Bush may follow Bashir to The Hague

Sun, 08 Mar 2009 14:41:33 GMT | PressTV

Former US President
George W. Bush
Former US President George W. Bush could possibly stand trial at the international Criminal Court in The Hague, says an ex-UN prosecutor.

David Crane, an international law professor at Syracuse University, said similar to the Sudanese President Omar al-Bashir, Bush could be an ICC target.

"The principle of law used to issue an arrest warrant for Omar al-Bashir could extend to former US President Bush over claims officials from his Administration may have engaged in torture by using coercive interrogation techniques on terror suspects," Crane was quoted as saying by the New Zealand Herald on Saturday.

"The [Bashir] indictment may even be extended to the former president George W. Bush, on the grounds that some officials in terms of his administration engaged in harsh interrogation techniques on terror suspects which mostly amounted to torture," he added.

Crane is a former prosecutor of the Sierra Leone tribunal that indicted Liberian President Charles Taylor and put him on trial in The Hague.

The United Nations General Assembly chief Miguel d'Escoto Brockmann has also called for the US military occupations of Iraq and Afghanistan - which have killed thousands of people - to be investigated by the UN.

"All pretended justifications notwithstanding, the aggressions against Iraq and Afghanistan and their occupations constitute atrocities that must be condemned and repudiated by all who believe in the rule of law in international relations," Brockmann told the Human Rights Council.
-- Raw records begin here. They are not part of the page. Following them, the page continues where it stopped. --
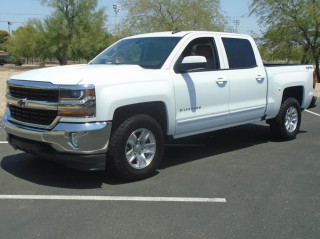 Image for 2018 Chevrolet Silverado 1500 LT ID: 6684644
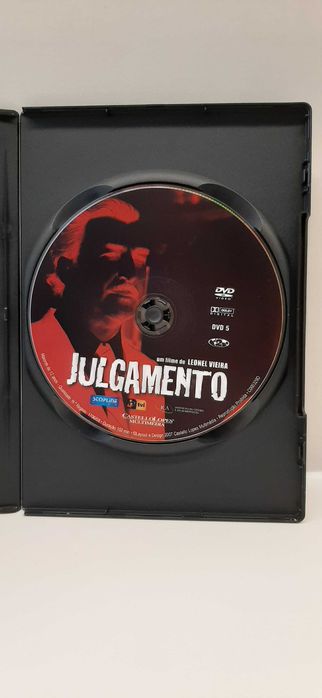 Julgamento - DVD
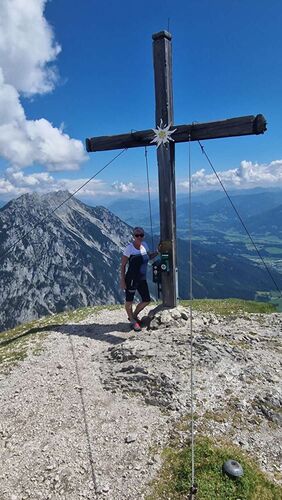 Tips Gipfelstürmer - Andrea  - Stoderzinken (2048m)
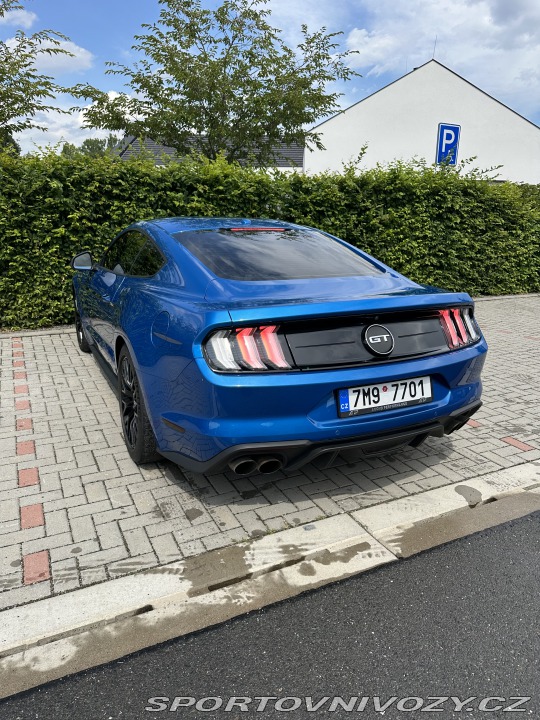 Ford Mustang GT 5.0 MagneRide/Digital 2020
"The illegality of the use of force against Iraq cannot be doubted as it runs contrary to the prohibition of the use of force in Article 2(4) of the United Nations Charter. It sets a number of precedents that we cannot allow to stand."

Moreover, a February poll in the US revealed that 62 percent of Americans favor a criminal investigation or an independent panel to look into the use of torture, illegal wiretapping, and other alleged abuses of power by the Bush administration.

US president Barack Obama has expressed reluctance toward the issue by saying he is “more interested in looking forward than I am in looking backwards.”

Despite calls by Sen. Patrick Leahy, chairman of the Senate Judiciary Committee, for setting up a “truth commission” to investigate Bush's misconducts on international level, Bush could only be investigated by a UN Security Council order. This seems to be unlikely regarding Washington's veto-wielding status at the UNSC.